This forum is getting more entertaining every day ... we want more such deep insights please!
We have actual news on Eclipse now so lets tone down the worldly economic discussions, shall, we?
======================
B.E.G. said...The people who are getting "punished" are the manufacturing workers
==================
They are NOT. Go interview the non-union automobile workers at BMW in South Carolina or Mercedes in Alabama. (present crisis blip excluded), they have seen their training, income, education level, home ownership, disposable income, and YES, the taxes they pay, got UP. Substantially up. They are, for the most part, very content. They make $28/hr direct, $48/hr with benefits.
They have better labor cost productivity than equivalent plants in Germany, and can be quite competitive with Brazil and China, once you load transportation costs, etc.
That is the model. FREE and COMPETITIVE workers.
The model is right there - in front of your eyes.
Why do you think that non-union WN and B6 are consistently the only profitable airlines in the US, while the union shops, despite being bigger, more established, flying profitable international routes routinely loose money?
Can't you see what is obvious. Whenever there is an old-time/old-tactics union firm competing against a free-worker firm, the free-worker firm wins and their workers get to keep their jobs, while the union workers loose theirs.

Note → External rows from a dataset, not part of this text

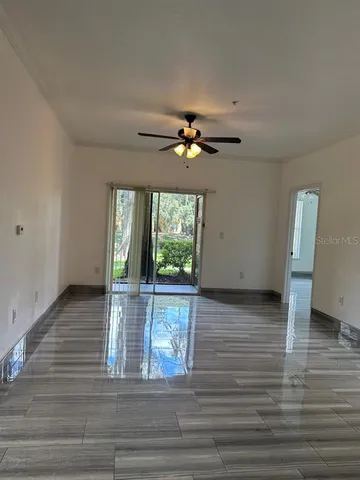 a view of an empty room with a window and wooden floor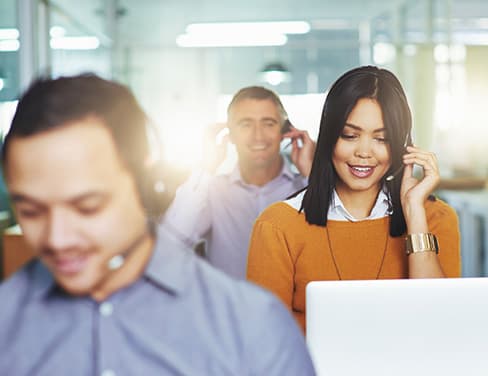 Three customer representatives talking on their headsets.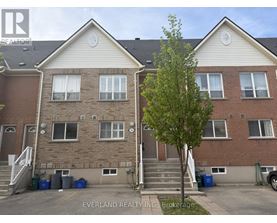 A tree stands in front of a two-story brick apartment building.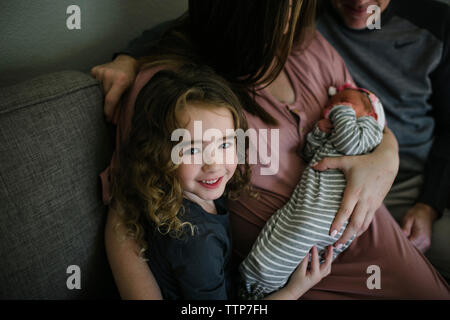 High angle portrait of smiling girl with parents and sister on sofa at home Stock Photo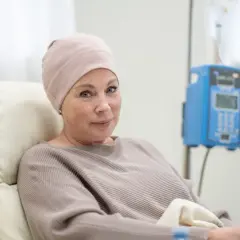 Kobieta w czepku na głowie, podczas terapii, z nadzieją na najdłuższe przeżycie ze szpiczakiem.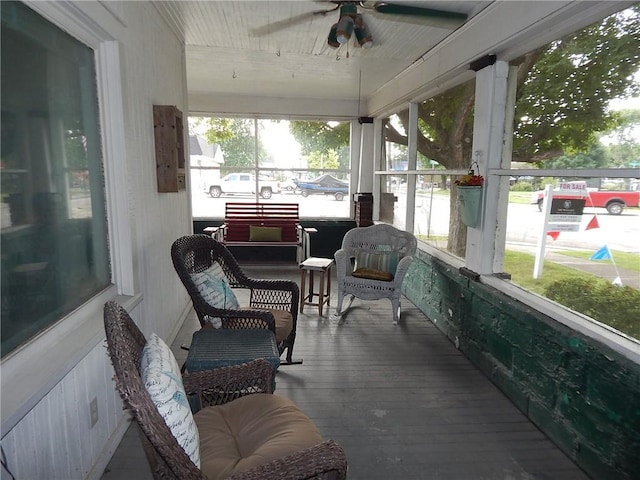 sunroom with ceiling fan and plenty of natural light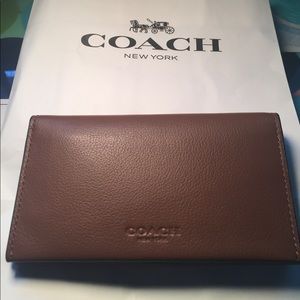 Coach iPhone 6/7 case wallet. Dark saddle leather.
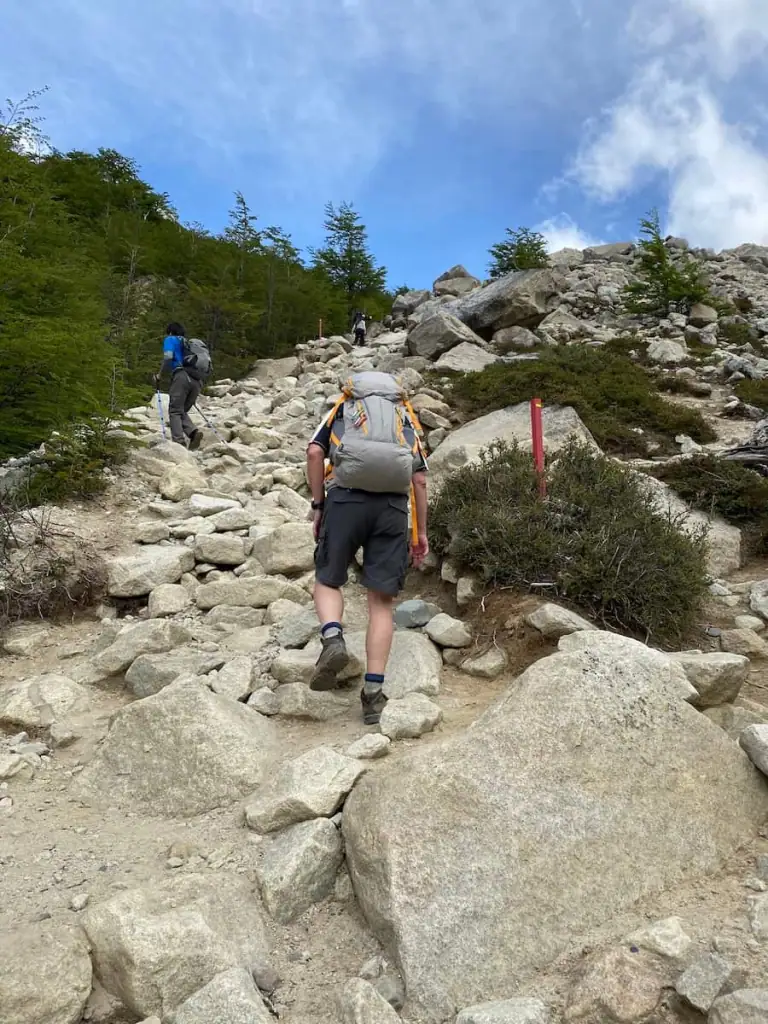 Hikers climbing a steep, rocky trail towards the end of the Mirador las Torres hike in Torres del Paine.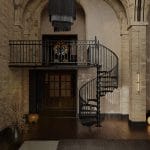 Victorian spiral staircase in a grand entryway with arched brick walls and a chandelier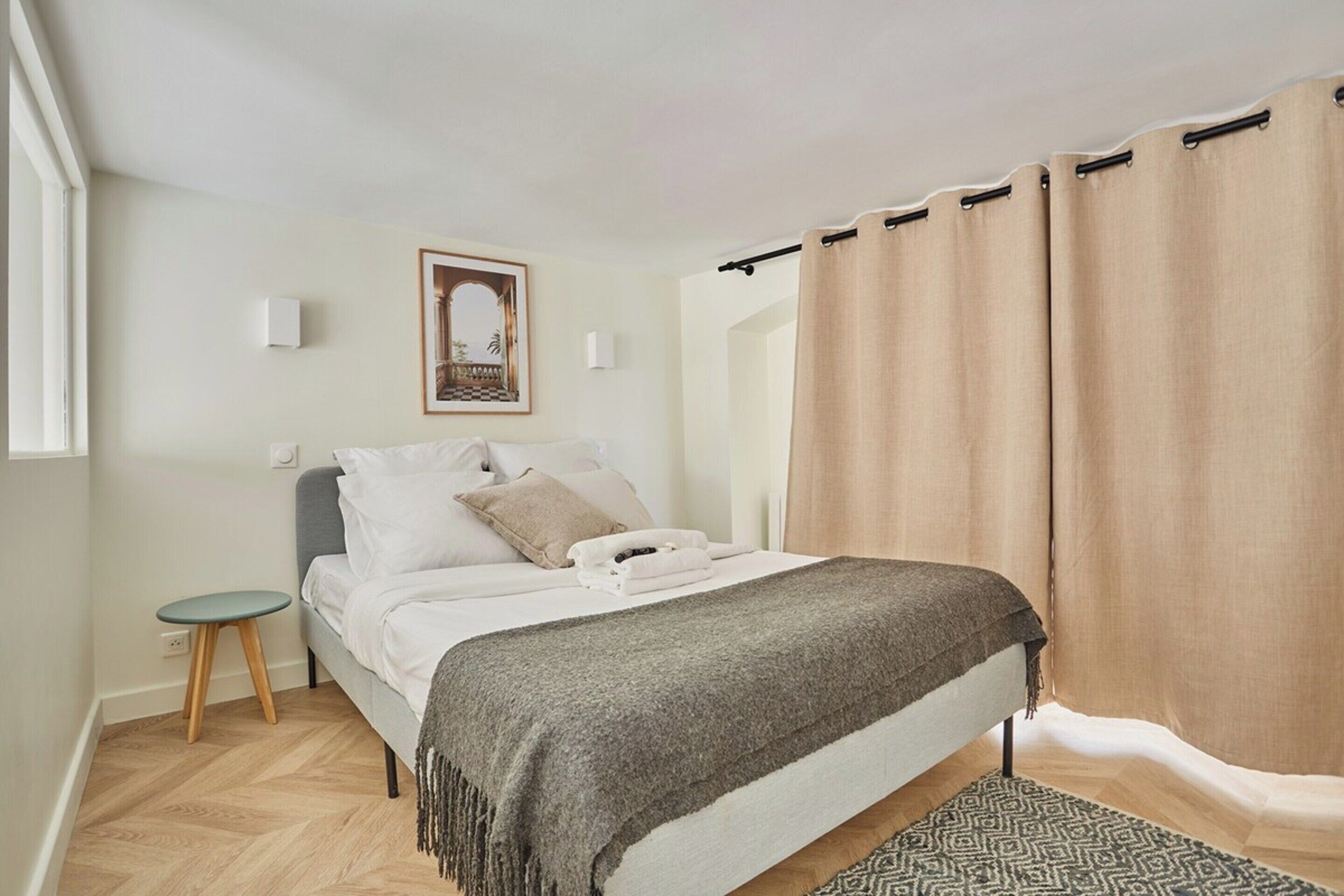 A bedroom with a bed, a small stool, a framed picture on the wall, and a window with curtains.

How many people have unionized UA, AA, US, CO, NW laid off in the past decade? How many have WN, B6 etc hired.
How many UAW wokers in the midwest have been laid off in the past decade? 400K? How many were hired in the free southern states?

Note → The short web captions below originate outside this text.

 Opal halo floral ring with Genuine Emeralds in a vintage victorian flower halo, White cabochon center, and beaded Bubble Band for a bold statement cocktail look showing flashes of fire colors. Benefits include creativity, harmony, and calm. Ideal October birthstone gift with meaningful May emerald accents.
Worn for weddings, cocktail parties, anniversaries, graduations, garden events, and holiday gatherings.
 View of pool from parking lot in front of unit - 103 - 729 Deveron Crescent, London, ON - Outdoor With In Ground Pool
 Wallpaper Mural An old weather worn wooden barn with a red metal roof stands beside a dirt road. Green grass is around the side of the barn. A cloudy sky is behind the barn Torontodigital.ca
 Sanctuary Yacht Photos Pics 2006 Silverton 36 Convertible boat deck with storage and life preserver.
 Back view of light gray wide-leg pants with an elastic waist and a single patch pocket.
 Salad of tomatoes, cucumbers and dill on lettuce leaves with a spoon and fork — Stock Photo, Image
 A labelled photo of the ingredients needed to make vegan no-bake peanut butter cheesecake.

Why "pretend" to "search" for the answer. It is there. Here in the U S of A for all to see.
Ignore it at your peril.
Artificially union-set labor rates are NOT sustainable in a free world.
Either they come down or the jobs come down.
Simple as that.
While we are at it.... remember boys and girls - tell your friends not to buy Government Financed, Union/Fiat owned Chrysler and GM products.

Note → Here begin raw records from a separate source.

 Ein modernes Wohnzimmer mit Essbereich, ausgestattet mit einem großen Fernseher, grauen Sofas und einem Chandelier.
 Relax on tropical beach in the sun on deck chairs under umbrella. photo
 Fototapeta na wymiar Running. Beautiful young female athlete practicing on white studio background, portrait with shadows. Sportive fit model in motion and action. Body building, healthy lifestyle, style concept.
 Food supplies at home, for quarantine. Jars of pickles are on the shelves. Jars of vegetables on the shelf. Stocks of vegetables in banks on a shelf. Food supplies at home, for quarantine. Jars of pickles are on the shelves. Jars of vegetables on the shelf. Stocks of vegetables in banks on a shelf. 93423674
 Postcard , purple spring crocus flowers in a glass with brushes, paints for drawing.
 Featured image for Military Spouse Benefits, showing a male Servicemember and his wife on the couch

Want to buy American made, buy Ford, BMW, Mercedes, Toyota, Honda, Nissan, Hyundai, etc....lots of models build right here in the U S of A.
Julius asked...how are the US going to pay the F22 next gen
=======================
With the incredible taxes that employees and corporations like Goldman Sachs, Walmart, Pixar, Intel, Microsoft, Google, Stanford University, Hartford Insurance, Mc Donalds, Coca Cola, ADM, Exxon, local school districts, and a few world class manufacturers like Toyota, Honda, BMW, Mercedes, Raytheon, Boeing (maybe), Gulfstream, Ford (maybe) will be paying.
Manufacturing is less than 15% of US economic output. Of that, only 15% of the employers/employees are in unionized plants.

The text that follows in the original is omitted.